Palavras que, definitivamente, serão diferentes quando chegar a hora certa. Sendo um louco ou perdendo o meu tempo, continuarei à espera. Independentemente do que condiz com a minha vontade, com o meu sonho ou com aquilo que é meu e ainda desconheço.

domingo, 29 de maio de 2011

Histórias do Billi J. - Em resposta, adeus passado


"Amigo Manfio.

Li seu último e-mail e fiquei positivamente surpreso. Você está conseguindo se expressar com maior clareza e mostrando muito mais o que está acontecendo na sua vida, assim é muito mais fácil entender e tentar ajudá-lo embora, por exemplo próprio, saber que nesses casos a ajuda alheia acaba muitas vezes restringindo-se ao simples fato de demonstrar preocupação.
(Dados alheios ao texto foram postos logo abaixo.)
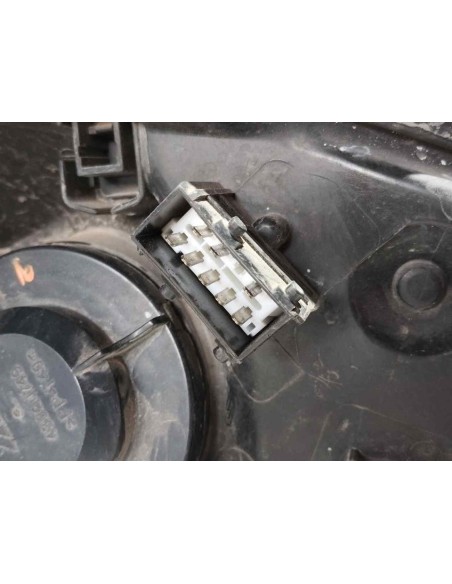 FARO IZQUIERDO PEUGEOT 206 + - 274573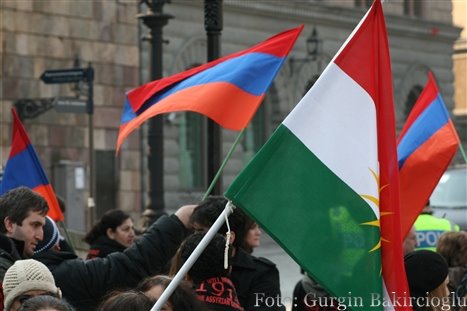 [1+(3)+Erkänn+folkmordet+skrek+de+armeniska+demonstranterna+medans+de+kurdiska+demonstranterna+skrek+länge+leve+Kurdistan.jpg]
Tivemos uma adolescência parecida e depois de ter concluído uma das minhas metas para esse ano, sei que posso lhe mostrar um bom exemplo. Como você, enfrentei pessoas que de várias formas atrapalharam a normalidade do desenvolvimento da minha personalidade e me impuseram dificuldades que aos poucos precisei superar para conseguir ter uma paz com meu passado. Sei que com você também acontece isso e me alegra saber que você está conseguindo deixar tantas mágoas e outros maus sentimentos, dentre eles a preocupação com o que não foi feito, para trás. Transcreverei uma carta que escrevi há duas semanas para sete daquelas pessoas que tanto tentaram, e fizeram, para que não houvesse tranquilidade na minha vida. Não acho que seja o seu caso mas é uma boa maneira de ser direto e, com nobreza e serenidade, expurgar da vida o que tanto nos incomoda ou, no meu caso, incomodava.

Escrevi para eles assim: 
"Saudações, antigos colegas. Não escreverei muitas palavras pois sei que o tempo de vocês é tão escasso quanto o meu para coisas que não lhes importam. Não sabem o quanto tive de lutar para superar as provocações, as humilhações e tantas outras atitudes ridículas que tiveram para comigo nos muitos anos em que dividimos a mesma sala. Lembro de cada uma e por muito tempo alimentei um sentimento de raiva para com todos vocês. Nunca fez diferença para vocês, mas para mim foi sempre um fardo pesado que tantas forças tirava de mim. Com o passar do tempo, trabalhei em cima disso e hoje posso dizer que sou livre de todas as mágoas e de toda a raiva que por tanto tempo guardei. Vocês não são mais nada e suas lembranças me preocupam tanto quanto um gato morto preocupa um rato. Demorou algum tempo mas consegui me desprender de todas aquelas lembranças de momentos, terríveis para um adolescente em formação, que passei próximo a vocês. Pela Renata, por meus pais e pelo bom Deus consegui ter forças para sobreviver e nunca chegar ao mesmo nível de vocês. Hoje, ao lado dela, deles e Dele, sou feliz e tenho liberdade para dizer que a parte da minha história que vocês escreveram, por um motivo que não compreendo bem, não tem relação alguma com o presente. Que suas vidas sejam boas e seus filhos não sigam seus exemplos. No mais, tenham saúde e felicidade. Sendo insignificantes ou não para vocês, são sinceras minhas palavras. De alguma forma, agradeço por terem me fortalecido tanto, apesar de tudo. Adeus, passado."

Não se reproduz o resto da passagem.